The saga technically started in November of last year, when China's State Administration for Market Regulations first began outlining new rules to curb internet monopolies. While the intent was seemingly aimed at names like Alibaba and Tencent, as the search engine fielding the vast majority of web searches made within China, Baidu isn't immune to any new regulatory headwind.
Matters have consistently become more difficult since then, with the introduction of sweeping changes in corporate disclosure requirements, data security measures, and greater scrutiny of public offerings. Not even video games have escaped China's recent regulatory interest. All of these either directly or indirectly affect Baidu and its well-diversified portfolio of tech company holdings, as well as projects outside of its core search business. Among these interests are artificial intelligence, apps, and autonomous vehicle technology.
As for the brunt of July's setback for Baidu's shares, however, blame China's ride-hailing outfit DiDi Global (DIDI 9.86%). Shortly after it completed its IPO for an NYSE listing in early July, China's Cyberspace Administration and Ministry of Public Security sent a small army of employees to DiDi's headquarters to perform an on-site investigation of the company's process for collecting and storing customer information. The move appeared mostly to be an effort to send a message to DiDi and any other technology player resistant to the government's new rules; domestic investors certainly interpreted it as such.
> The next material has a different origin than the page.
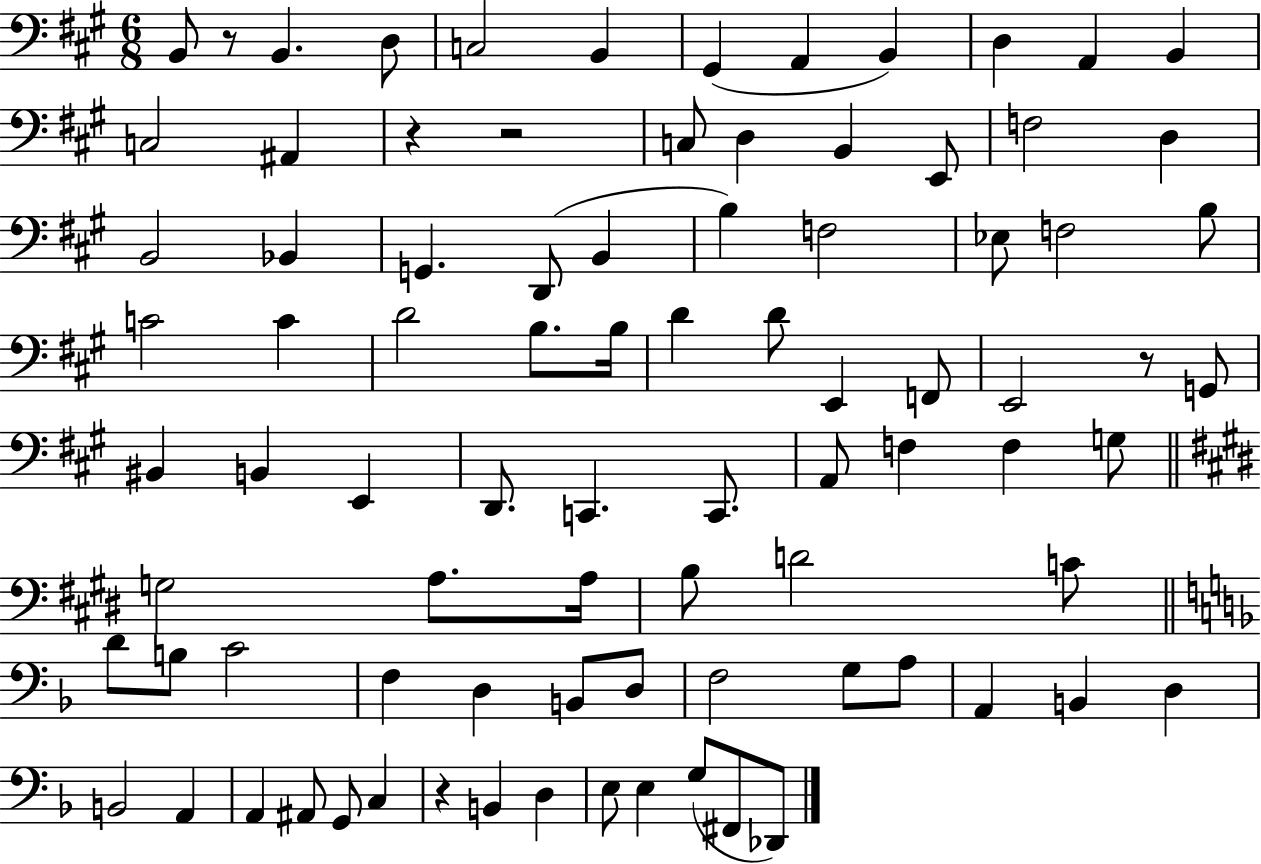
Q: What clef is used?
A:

It's tempting to presume the regulatory crackdown can't do any more damage than it's already done. Baidu's 20% tumble in July is just part of a bigger 43% pullback from February's peak, mirroring weakness from many other Chinese technology stocks.
But the consensus assessment is that things could indeed get worse before they get better. The clampdown in many ways suggests China's government is slowly positioning itself for greater, ongoing oversight of China's tech industry. It doesn't necessarily mean the government's priority is to eliminate clear market leadership, to be clear. However, that is a prospective outcome of a more restrictive environment.
The sheer uncertainty of the movement makes all of these stocks including Baidu tough to own until it's clear China's State Administration for Market Regulations is easing up. That could be a while longer.